Dual Momentum, a concept pioneered by Gary Antonacci, intelligently combines elements of two types of momentum investing strategies — absolute and relative momentum — into a comprehensive asset allocation system. His paper shows that the combination of time-series momentum and cross-sectional momentum  has generate intriguing results historically.

In this article, we investigate the Dual Momentum strategy and compare it to the timing elements utilized in the Robust Asset Allocation (RAA) strategy. The RAA strategy was developed in conjunction with our FACTS framework and has a simple goal: A low-cost, low-complexity, high-liquidity, diversified, tax-efficient, risk-managed retirement portfolio.

We find that the robust asset allocation (RAA) matches–and arguably beats–the performance of a Dual Momentum approach (DUAL MOM).

The bottom line is that both systems are worth a look. However, given our preference for keeping things as simple as possible, in our view, RAA wins the asset allocation horserace. 

1. Background:

Before we start the horserace, let’s meet the horses and walk through the rules of our race.

Momentum strategies have been studied for decades in both practice and academia. Momentum strategies are robust across different time periods and also across different asset classes (equities, bonds, commodities, real estate, and so forth), making them a good choice for asset allocation.

There is sometimes a lot of confusion associated with so-called “momentum” strategies, and people interpret and apply them in many different ways. We break momentum into two categories below to differentiate between common approaches to implementing “momentum.”

(1) Absolute, or time-series momentum: an asset classes’ own past return, considered independently from the returns of other asset classes, predicts its future performance. This could apply at the level of individual securities as well.

(2) Relative Strength, or Cross-sectional momentum: an asset classes’ performance, relative to other asset classes, predicts its future relative performance. This could also apply at the individual security level, when performance is compared versus the performance of comparable securities; thus, the term is not exclusive to “asset classes.”

1.1 Dual Momentum Strategy

Step 1: Calculate Relative Momentum within an Asset Pair (RMOM)

  • Pick the asset with the highest relative performance over the past 12 months

Step 2: Time Series Momentum Rule (TSMOM) on RMOM asset

  • Excess Return = total return over past 12 months less return of T-bill
  • If Excess return > 0, go long risky assets. Otherwise, go to alternative assets (T-bills)

Dual momentum strategy

1.2 Robust Asset Allocation (RAA):

The Robust Asset Allocation (RAA) framework is risk-managed with a combination of 50% TSMOM and 50% MA. Here is our full article about RAA.

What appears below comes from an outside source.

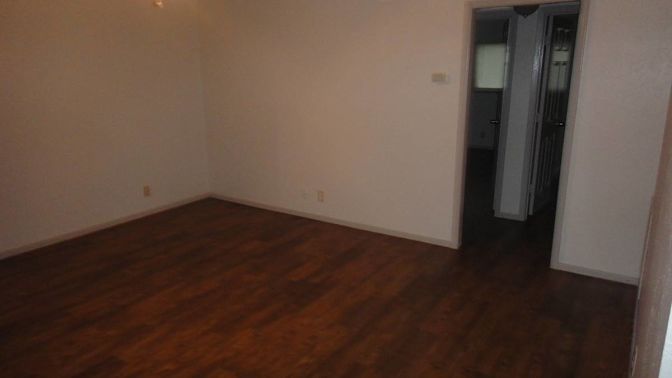 Tow bedrooms's room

  1. 50% Time Series Momentum Rule (TSMOM)
    1. Excess return = total return over past 12 months less return of T-bill
    2. If Excess return >0, go long risky assets. Otherwise, go alternative assets (T-Bills)
  2. 50% Simple Moving Average Rule (MA)
    1. Moving Average (12) = average 12 month prices
    2. If Current Price – Moving Average (12) > 0, go long risky assets. Otherwise, go alternative assets (T-bills).

Robust Asset Allocation

2. RAA and Dual MOM Horserace By Asset Pair

Our simulated historical period is from 1/1/1977 to 7/31/2014 for the Equity, REIT, and Stress pairs, and 1/1/1986 to 7/31/2014 for the Credit pair. Results are gross, no fees are included, and only index returns are included. Indexes are unmanaged, do not reflect management or trading fees, and one cannot invest directly in an index. All returns are total returns and include the reinvestment of distributions (e.g., dividends). Strategies are all monthly-rebalanced.

Below are the 8 asset classes (4 pairs), and the ROBUST system:

  • SP500 = S&P 500 Total Return Index
  • EAFE= MSCI EAFE Total Return Index
  • Equity REIT = FTSE NAREIT All Equity REITS Total Return Index
  • Mortgage REIT = FTSE NAREIT All Mortgage REITS Total Return Index
  • LTR = The Merrill Lynch 10-year U.S. Treasury Futures Total Return Index
  • GOLD = London Gold Market PM Fixing index
  • High Yield Bond = Bank of America Merrill Lynch U.S. Cash Pay High Yield Index
  • BBB US corporate = The BofA Merrill Lynch 3-5 Year A-BBB US Corporate Index
  • ROBUST = 50% MA and 50% TMOM

When analyzing the 4 pairs in the ROBUST system, we do the following. Every month, assume a 50/50 split between the 2 assets. In equity, we would assume 50% SP500 and 50% EAFE. We then assess the risk-management rules on the two assets using 50% time-series momentum and 50% moving-average rules. If the risk-management rules state to be “out” of one of the pairs, we take that portion and invest in RF.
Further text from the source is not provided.